Il paraît dès lors indispensable de redéfinir le photographique. Questionner, choisir, interpréter, organiser, contextualiser sont autant de verbes qui accompagnent le photographe professionnel. En ce début du 21e siècle, l’histoire de la photographie suit un rythme de croi- sière. Dans ce contexte, il est capital de penser l’image. Alors que nous faisons tous des photographies au quotidien et qu’il n’a jamais été aussi facile de produire et de diffuser ses images – en un clic, une photographie voyage de Tokyo à Sao Paulo – une question se pose pour les professionnels : comment survivre dans une société submergée par l’image ?

Chercher à comprendre, interroger et dialoguer par la photographie

Pour certains photographes, cela signifie chercher à comprendre, interroger et dialoguer par la photographie. Pour ce faire, il faut prendre le temps d’observer, se plonger durant plusieurs semaines, voire de nombreux mois, dans un sujet, et surtout quitter la pression et le sentiment d’accélération du quotidien. La résidence d’artiste permet le temps de l’immersion et de la réflexion. Il existe en France des structures de production et diffusion de la photographie, qui soutiennent la création contemporaine en organisant des résidences, produisant des expositions et des ouvrages de qualité tout en développant des programmes d’éducation à l’image et d’actions culturelles.

Fort de seize membres, le Réseau Diagonal rassemble de telles institutions photographiques réparties dans toutes les régions du pays. Pour la première fois, une exposition réunit un choix de travaux réalisés en résidence de création produit par les structures qui composent ce réseau national dédié à la création photographique contemporaine.

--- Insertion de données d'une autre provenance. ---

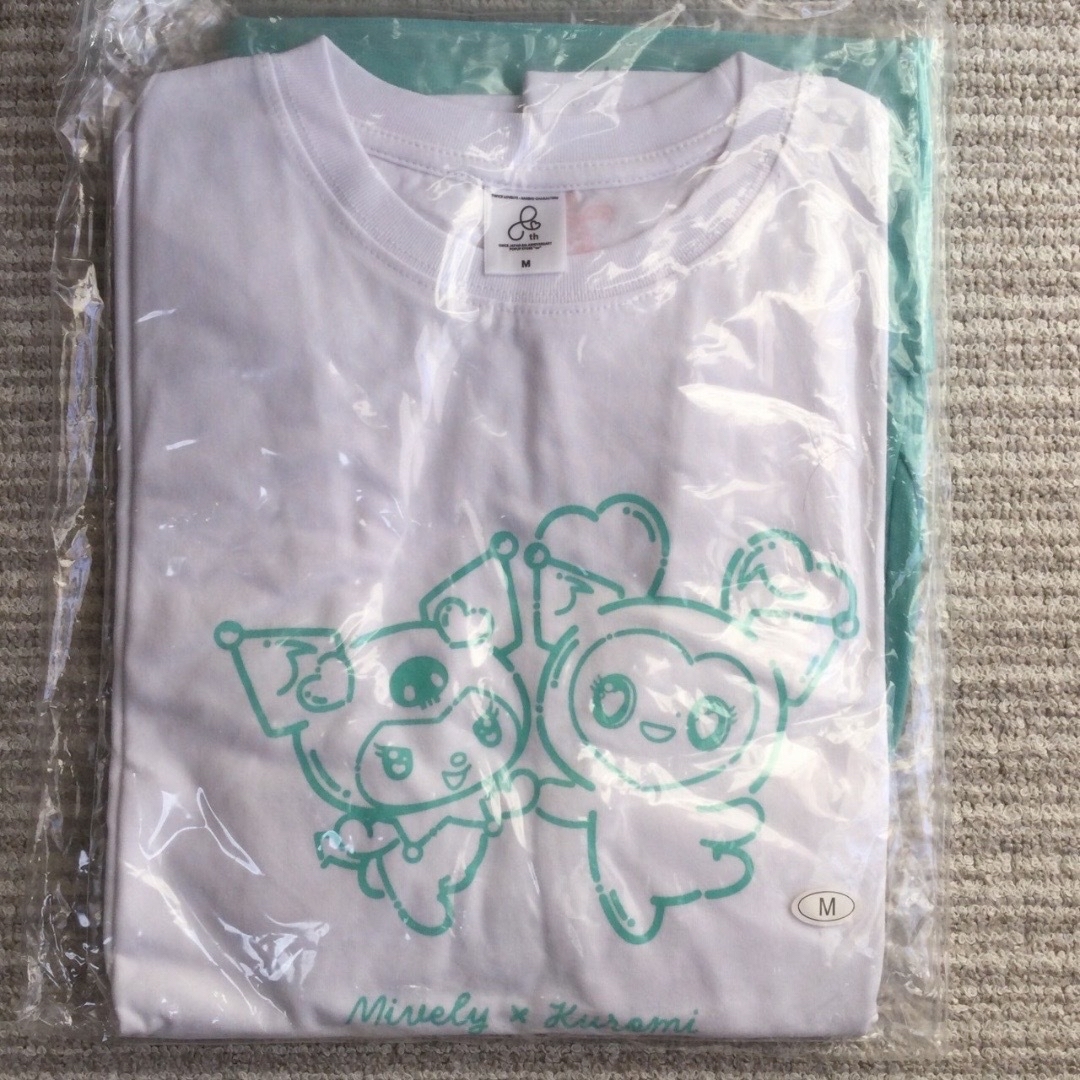 サンリオ - twice ミナ サンリオ クロミ セットアップ mina Tシャツ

De Brest à Strasbourg, en passant par Marseille, Orthez, Lectoure ou Rouen, 16 artistes soutenus par 16 structures photographiques offrent ici un regard sur la France contemporaine. C’est ainsi que Lars Tunbjörk a été invité à promener son appareil photo à Beauvais ; Hortense Soichet à photographier la communauté gitane de Carcassonne et Nolwenn Brod de jeunes lutteurs bretons ; Seba Kurtis, quant à lui, a pu poursuivre son travail sur la migration dans le cadre d’une résidence en Normandie ; Guillaume Janot a observé Marseille à travers les images des habitants de plusieurs quartiers de la ville ; Viktoria Sorochinski a rencontré des femmes de l’association Plurielles de Strasbourg ; Bernard Plossu s’est rendu sur trois îles qui bordent la Bretagne ; Agnès Geoffray a reformulé une nouvelle réalité à partir d’images collectées lors d’une résidence en Seine-et-Marne ; et Ayaka Yamamoto empreint de sa culture japonaise a questionné la féminité mettant en scène des jeunes habitants de la région de Niort.

Une image mouvante de la France, à la fois réelle et fictionnelle

Invités à travailler sur un territoire donné ou à développer un projet particulier, les 16 artistes réunis dans l’exposition Diagonal 2X16 ont chacun bénéficié d’aides à la création et/ou à la production, afin de déployer en toute liberté leur langage photographique. La diversité et la qualité de leurs projets attestent de la vitalité de la scène photographique en France. Paris, Arles ou Chalon-sur-Saône sont des villes réputées pour leurs expositions de photographie. D’autres lieux implantés sur l’ensemble du territoire défendent ardemment le médium et proposent un soutien de qualité aux photographes professionnels. L’exposition offre ainsi un panorama des pratiques artistiques de photographes d’horizons variés, auteurs confirmés et émergents, français et étrangers. Que ce soit à travers le paysage ou le portrait, ils nous livrent une image mouvante de la France, à la fois réelle et fictionnelle.